ACTIVITY: Each record must be printed exactly as given.

DATA RECORDS: Begin

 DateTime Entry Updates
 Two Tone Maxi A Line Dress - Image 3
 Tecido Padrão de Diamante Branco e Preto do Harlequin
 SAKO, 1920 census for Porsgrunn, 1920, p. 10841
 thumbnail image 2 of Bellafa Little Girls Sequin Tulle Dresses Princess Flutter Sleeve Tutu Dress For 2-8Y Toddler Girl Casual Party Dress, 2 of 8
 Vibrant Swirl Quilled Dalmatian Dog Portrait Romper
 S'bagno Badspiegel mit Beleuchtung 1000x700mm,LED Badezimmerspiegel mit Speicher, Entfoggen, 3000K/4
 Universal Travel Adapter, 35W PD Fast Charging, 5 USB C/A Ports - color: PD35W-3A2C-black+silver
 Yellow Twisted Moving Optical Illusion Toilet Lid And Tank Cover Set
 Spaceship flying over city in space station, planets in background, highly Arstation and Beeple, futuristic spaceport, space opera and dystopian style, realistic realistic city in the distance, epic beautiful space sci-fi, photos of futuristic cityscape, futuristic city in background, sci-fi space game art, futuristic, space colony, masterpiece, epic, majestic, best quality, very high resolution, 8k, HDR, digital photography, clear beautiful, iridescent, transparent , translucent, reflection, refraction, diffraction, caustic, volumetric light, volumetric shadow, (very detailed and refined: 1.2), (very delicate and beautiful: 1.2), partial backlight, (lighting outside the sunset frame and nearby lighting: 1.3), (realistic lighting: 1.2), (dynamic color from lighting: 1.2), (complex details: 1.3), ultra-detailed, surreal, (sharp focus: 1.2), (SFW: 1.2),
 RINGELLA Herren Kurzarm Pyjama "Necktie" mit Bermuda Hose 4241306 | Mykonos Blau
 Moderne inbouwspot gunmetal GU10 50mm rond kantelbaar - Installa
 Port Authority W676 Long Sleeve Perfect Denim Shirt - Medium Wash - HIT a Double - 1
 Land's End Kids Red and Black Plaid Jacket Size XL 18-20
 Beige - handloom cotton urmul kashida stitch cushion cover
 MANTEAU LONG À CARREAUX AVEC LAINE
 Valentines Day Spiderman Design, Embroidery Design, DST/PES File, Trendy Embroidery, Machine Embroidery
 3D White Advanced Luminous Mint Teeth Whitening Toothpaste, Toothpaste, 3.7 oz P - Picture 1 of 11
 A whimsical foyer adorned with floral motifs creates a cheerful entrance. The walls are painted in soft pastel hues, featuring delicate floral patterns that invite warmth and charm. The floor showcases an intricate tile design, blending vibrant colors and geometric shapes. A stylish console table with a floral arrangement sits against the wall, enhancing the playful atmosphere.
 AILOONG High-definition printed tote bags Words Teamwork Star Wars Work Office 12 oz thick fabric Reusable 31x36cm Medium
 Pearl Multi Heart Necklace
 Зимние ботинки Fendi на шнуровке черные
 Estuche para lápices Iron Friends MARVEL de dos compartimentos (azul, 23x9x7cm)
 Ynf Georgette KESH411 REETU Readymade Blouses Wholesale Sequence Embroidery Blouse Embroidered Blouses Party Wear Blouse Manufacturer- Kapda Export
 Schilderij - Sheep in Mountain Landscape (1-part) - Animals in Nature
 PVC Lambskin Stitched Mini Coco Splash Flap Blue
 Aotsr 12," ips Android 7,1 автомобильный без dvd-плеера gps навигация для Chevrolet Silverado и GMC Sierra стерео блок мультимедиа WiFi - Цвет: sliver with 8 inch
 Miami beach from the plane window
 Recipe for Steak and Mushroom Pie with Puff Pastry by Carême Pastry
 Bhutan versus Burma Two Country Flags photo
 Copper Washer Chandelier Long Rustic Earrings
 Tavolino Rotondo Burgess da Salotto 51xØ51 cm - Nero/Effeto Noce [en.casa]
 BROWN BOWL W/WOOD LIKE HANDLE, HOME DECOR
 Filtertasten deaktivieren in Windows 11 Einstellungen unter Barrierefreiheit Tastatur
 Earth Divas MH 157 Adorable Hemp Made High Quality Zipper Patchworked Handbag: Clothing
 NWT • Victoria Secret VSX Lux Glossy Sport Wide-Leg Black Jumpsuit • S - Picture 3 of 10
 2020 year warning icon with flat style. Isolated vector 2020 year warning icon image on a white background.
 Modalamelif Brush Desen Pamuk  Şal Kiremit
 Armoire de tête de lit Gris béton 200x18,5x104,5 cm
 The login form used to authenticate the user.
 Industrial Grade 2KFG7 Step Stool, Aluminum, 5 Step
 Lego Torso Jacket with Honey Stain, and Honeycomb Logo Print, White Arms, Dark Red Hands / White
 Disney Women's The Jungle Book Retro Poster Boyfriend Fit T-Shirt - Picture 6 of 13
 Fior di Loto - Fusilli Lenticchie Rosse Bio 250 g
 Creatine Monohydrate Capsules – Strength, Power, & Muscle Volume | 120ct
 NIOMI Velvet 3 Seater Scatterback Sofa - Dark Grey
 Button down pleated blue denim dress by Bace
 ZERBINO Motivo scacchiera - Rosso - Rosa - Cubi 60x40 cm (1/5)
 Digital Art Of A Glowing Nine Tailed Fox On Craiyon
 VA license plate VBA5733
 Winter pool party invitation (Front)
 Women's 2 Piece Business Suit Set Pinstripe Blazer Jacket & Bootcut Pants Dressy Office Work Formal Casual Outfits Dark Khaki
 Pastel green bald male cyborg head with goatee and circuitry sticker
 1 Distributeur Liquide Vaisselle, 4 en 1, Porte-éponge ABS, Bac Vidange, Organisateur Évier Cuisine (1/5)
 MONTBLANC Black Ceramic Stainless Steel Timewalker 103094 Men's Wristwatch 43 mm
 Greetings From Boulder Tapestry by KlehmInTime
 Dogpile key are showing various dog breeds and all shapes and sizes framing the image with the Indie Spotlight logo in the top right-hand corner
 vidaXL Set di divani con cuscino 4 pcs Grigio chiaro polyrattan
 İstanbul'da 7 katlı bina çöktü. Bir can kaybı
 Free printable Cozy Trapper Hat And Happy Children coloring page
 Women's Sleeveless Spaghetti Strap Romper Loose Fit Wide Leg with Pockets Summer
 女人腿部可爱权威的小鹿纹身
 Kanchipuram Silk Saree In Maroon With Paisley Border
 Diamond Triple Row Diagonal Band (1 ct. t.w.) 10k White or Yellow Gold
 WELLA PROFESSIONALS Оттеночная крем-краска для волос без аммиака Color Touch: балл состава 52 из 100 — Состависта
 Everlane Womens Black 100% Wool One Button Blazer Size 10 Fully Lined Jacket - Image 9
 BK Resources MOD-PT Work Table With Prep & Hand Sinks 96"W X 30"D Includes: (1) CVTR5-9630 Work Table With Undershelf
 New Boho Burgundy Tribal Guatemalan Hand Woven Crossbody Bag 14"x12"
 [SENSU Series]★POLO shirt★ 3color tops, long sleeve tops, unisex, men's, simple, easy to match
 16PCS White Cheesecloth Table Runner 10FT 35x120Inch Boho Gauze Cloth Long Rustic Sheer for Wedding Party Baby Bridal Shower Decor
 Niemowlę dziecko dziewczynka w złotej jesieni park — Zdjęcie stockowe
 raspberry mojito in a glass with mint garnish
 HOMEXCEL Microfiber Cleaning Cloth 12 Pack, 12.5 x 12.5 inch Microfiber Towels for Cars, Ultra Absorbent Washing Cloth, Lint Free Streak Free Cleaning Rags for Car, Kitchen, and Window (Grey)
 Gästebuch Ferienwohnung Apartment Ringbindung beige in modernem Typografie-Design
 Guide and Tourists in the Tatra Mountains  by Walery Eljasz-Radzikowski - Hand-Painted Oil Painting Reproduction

DATA RECORDS: End

SOLVED EXERCISE:
 DateTime Entry Updates
 Two Tone Maxi A Line Dress - Image 3
 Tecido Padrão de Diamante Branco e Preto do Harlequin
 SAKO, 1920 census for Porsgrunn, 1920, p. 10841
 thumbnail image 2 of Bellafa Little Girls Sequin Tulle Dresses Princess Flutter Sleeve Tutu Dress For 2-8Y Toddler Girl Casual Party Dress, 2 of 8
 Vibrant Swirl Quilled Dalmatian Dog Portrait Romper
 S'bagno Badspiegel mit Beleuchtung 1000x700mm,LED Badezimmerspiegel mit Speicher, Entfoggen, 3000K/4
 Universal Travel Adapter, 35W PD Fast Charging, 5 USB C/A Ports - color: PD35W-3A2C-black+silver
 Yellow Twisted Moving Optical Illusion Toilet Lid And Tank Cover Set
 Spaceship flying over city in space station, planets in background, highly Arstation and Beeple, futuristic spaceport, space opera and dystopian style, realistic realistic city in the distance, epic beautiful space sci-fi, photos of futuristic cityscape, futuristic city in background, sci-fi space game art, futuristic, space colony, masterpiece, epic, majestic, best quality, very high resolution, 8k, HDR, digital photography, clear beautiful, iridescent, transparent , translucent, reflection, refraction, diffraction, caustic, volumetric light, volumetric shadow, (very detailed and refined: 1.2), (very delicate and beautiful: 1.2), partial backlight, (lighting outside the sunset frame and nearby lighting: 1.3), (realistic lighting: 1.2), (dynamic color from lighting: 1.2), (complex details: 1.3), ultra-detailed, surreal, (sharp focus: 1.2), (SFW: 1.2),
 RINGELLA Herren Kurzarm Pyjama "Necktie" mit Bermuda Hose 4241306 | Mykonos Blau
 Moderne inbouwspot gunmetal GU10 50mm rond kantelbaar - Installa
 Port Authority W676 Long Sleeve Perfect Denim Shirt - Medium Wash - HIT a Double - 1
 Land's End Kids Red and Black Plaid Jacket Size XL 18-20
 Beige - handloom cotton urmul kashida stitch cushion cover
 MANTEAU LONG À CARREAUX AVEC LAINE
 Valentines Day Spiderman Design, Embroidery Design, DST/PES File, Trendy Embroidery, Machine Embroidery
 3D White Advanced Luminous Mint Teeth Whitening Toothpaste, Toothpaste, 3.7 oz P - Picture 1 of 11
 A whimsical foyer adorned with floral motifs creates a cheerful entrance. The walls are painted in soft pastel hues, featuring delicate floral patterns that invite warmth and charm. The floor showcases an intricate tile design, blending vibrant colors and geometric shapes. A stylish console table with a floral arrangement sits against the wall, enhancing the playful atmosphere.
 AILOONG High-definition printed tote bags Words Teamwork Star Wars Work Office 12 oz thick fabric Reusable 31x36cm Medium
 Pearl Multi Heart Necklace
 Зимние ботинки Fendi на шнуровке черные
 Estuche para lápices Iron Friends MARVEL de dos compartimentos (azul, 23x9x7cm)
 Ynf Georgette KESH411 REETU Readymade Blouses Wholesale Sequence Embroidery Blouse Embroidered Blouses Party Wear Blouse Manufacturer- Kapda Export
 Schilderij - Sheep in Mountain Landscape (1-part) - Animals in Nature
 PVC Lambskin Stitched Mini Coco Splash Flap Blue
 Aotsr 12," ips Android 7,1 автомобильный без dvd-плеера gps навигация для Chevrolet Silverado и GMC Sierra стерео блок мультимедиа WiFi - Цвет: sliver with 8 inch
 Miami beach from the plane window
 Recipe for Steak and Mushroom Pie with Puff Pastry by Carême Pastry
 Bhutan versus Burma Two Country Flags photo
 Copper Washer Chandelier Long Rustic Earrings
 Tavolino Rotondo Burgess da Salotto 51xØ51 cm - Nero/Effeto Noce [en.casa]
 BROWN BOWL W/WOOD LIKE HANDLE, HOME DECOR
 Filtertasten deaktivieren in Windows 11 Einstellungen unter Barrierefreiheit Tastatur
 Earth Divas MH 157 Adorable Hemp Made High Quality Zipper Patchworked Handbag: Clothing
 NWT • Victoria Secret VSX Lux Glossy Sport Wide-Leg Black Jumpsuit • S - Picture 3 of 10
 2020 year warning icon with flat style. Isolated vector 2020 year warning icon image on a white background.
 Modalamelif Brush Desen Pamuk  Şal Kiremit
 Armoire de tête de lit Gris béton 200x18,5x104,5 cm
 The login form used to authenticate the user.
 Industrial Grade 2KFG7 Step Stool, Aluminum, 5 Step
 Lego Torso Jacket with Honey Stain, and Honeycomb Logo Print, White Arms, Dark Red Hands / White
 Disney Women's The Jungle Book Retro Poster Boyfriend Fit T-Shirt - Picture 6 of 13
 Fior di Loto - Fusilli Lenticchie Rosse Bio 250 g
 Creatine Monohydrate Capsules – Strength, Power, & Muscle Volume | 120ct
 NIOMI Velvet 3 Seater Scatterback Sofa - Dark Grey
 Button down pleated blue denim dress by Bace
 ZERBINO Motivo scacchiera - Rosso - Rosa - Cubi 60x40 cm (1/5)
 Digital Art Of A Glowing Nine Tailed Fox On Craiyon
 VA license plate VBA5733
 Winter pool party invitation (Front)
 Women's 2 Piece Business Suit Set Pinstripe Blazer Jacket & Bootcut Pants Dressy Office Work Formal Casual Outfits Dark Khaki
 Pastel green bald male cyborg head with goatee and circuitry sticker
 1 Distributeur Liquide Vaisselle, 4 en 1, Porte-éponge ABS, Bac Vidange, Organisateur Évier Cuisine (1/5)
 MONTBLANC Black Ceramic Stainless Steel Timewalker 103094 Men's Wristwatch 43 mm
 Greetings From Boulder Tapestry by KlehmInTime
 Dogpile key are showing various dog breeds and all shapes and sizes framing the image with the Indie Spotlight logo in the top right-hand corner
 vidaXL Set di divani con cuscino 4 pcs Grigio chiaro polyrattan
 İstanbul'da 7 katlı bina çöktü. Bir can kaybı
 Free printable Cozy Trapper Hat And Happy Children coloring page
 Women's Sleeveless Spaghetti Strap Romper Loose Fit Wide Leg with Pockets Summer
 女人腿部可爱权威的小鹿纹身
 Kanchipuram Silk Saree In Maroon With Paisley Border
 Diamond Triple Row Diagonal Band (1 ct. t.w.) 10k White or Yellow Gold
 WELLA PROFESSIONALS Оттеночная крем-краска для волос без аммиака Color Touch: балл состава 52 из 100 — Состависта
 Everlane Womens Black 100% Wool One Button Blazer Size 10 Fully Lined Jacket - Image 9
 BK Resources MOD-PT Work Table With Prep & Hand Sinks 96"W X 30"D Includes: (1) CVTR5-9630 Work Table With Undershelf
 New Boho Burgundy Tribal Guatemalan Hand Woven Crossbody Bag 14"x12"
 [SENSU Series]★POLO shirt★ 3color tops, long sleeve tops, unisex, men's, simple, easy to match
 16PCS White Cheesecloth Table Runner 10FT 35x120Inch Boho Gauze Cloth Long Rustic Sheer for Wedding Party Baby Bridal Shower Decor
 Niemowlę dziecko dziewczynka w złotej jesieni park — Zdjęcie stockowe
 raspberry mojito in a glass with mint garnish
 HOMEXCEL Microfiber Cleaning Cloth 12 Pack, 12.5 x 12.5 inch Microfiber Towels for Cars, Ultra Absorbent Washing Cloth, Lint Free Streak Free Cleaning Rags for Car, Kitchen, and Window (Grey)
 Gästebuch Ferienwohnung Apartment Ringbindung beige in modernem Typografie-Design
 Guide and Tourists in the Tatra Mountains  by Walery Eljasz-Radzikowski - Hand-Painted Oil Painting Reproduction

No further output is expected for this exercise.